[[ Data section open ]]

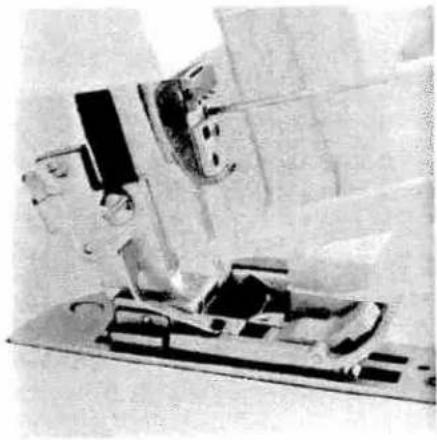 PFAFF coverstyle 4850 - Needle position - 4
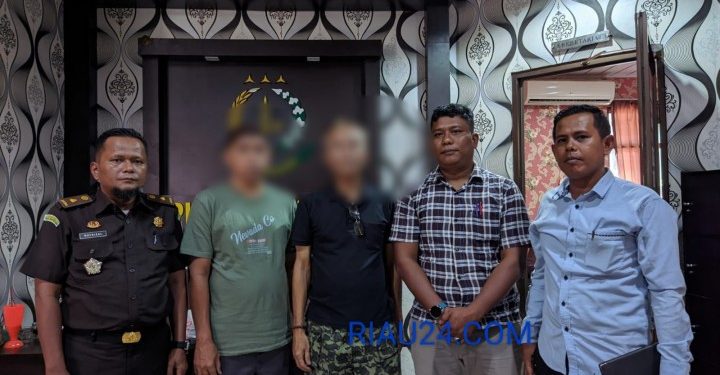 Dugaan Korupsi Dana Hibah Rp2,5 Miliar, Bendahara dan Sekretaris Panwaslu Ditahan Kejari Bengkalis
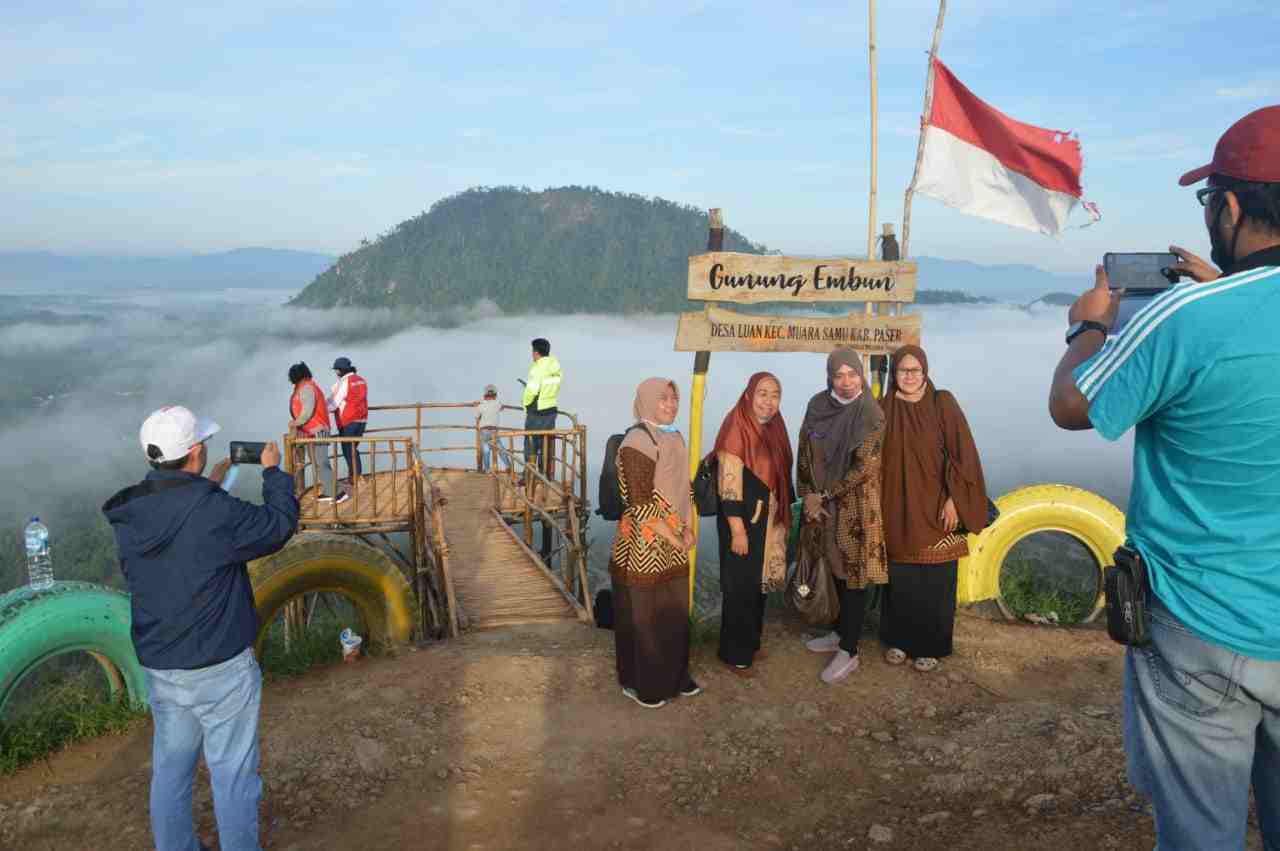 WISATA POPULER: Wisata Gunung Boga tiap akhir pekannya selalu dipenuhi pengunjung dari berbagai daerah.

[[ Data section closed ]]

What is required:
Copy out each line of the data exactly as it reads; skip the pictures.

Written answer:
 PFAFF coverstyle 4850 - Needle position - 4
 Dugaan Korupsi Dana Hibah Rp2,5 Miliar, Bendahara dan Sekretaris Panwaslu Ditahan Kejari Bengkalis
 WISATA POPULER: Wisata Gunung Boga tiap akhir pekannya selalu dipenuhi pengunjung dari berbagai daerah.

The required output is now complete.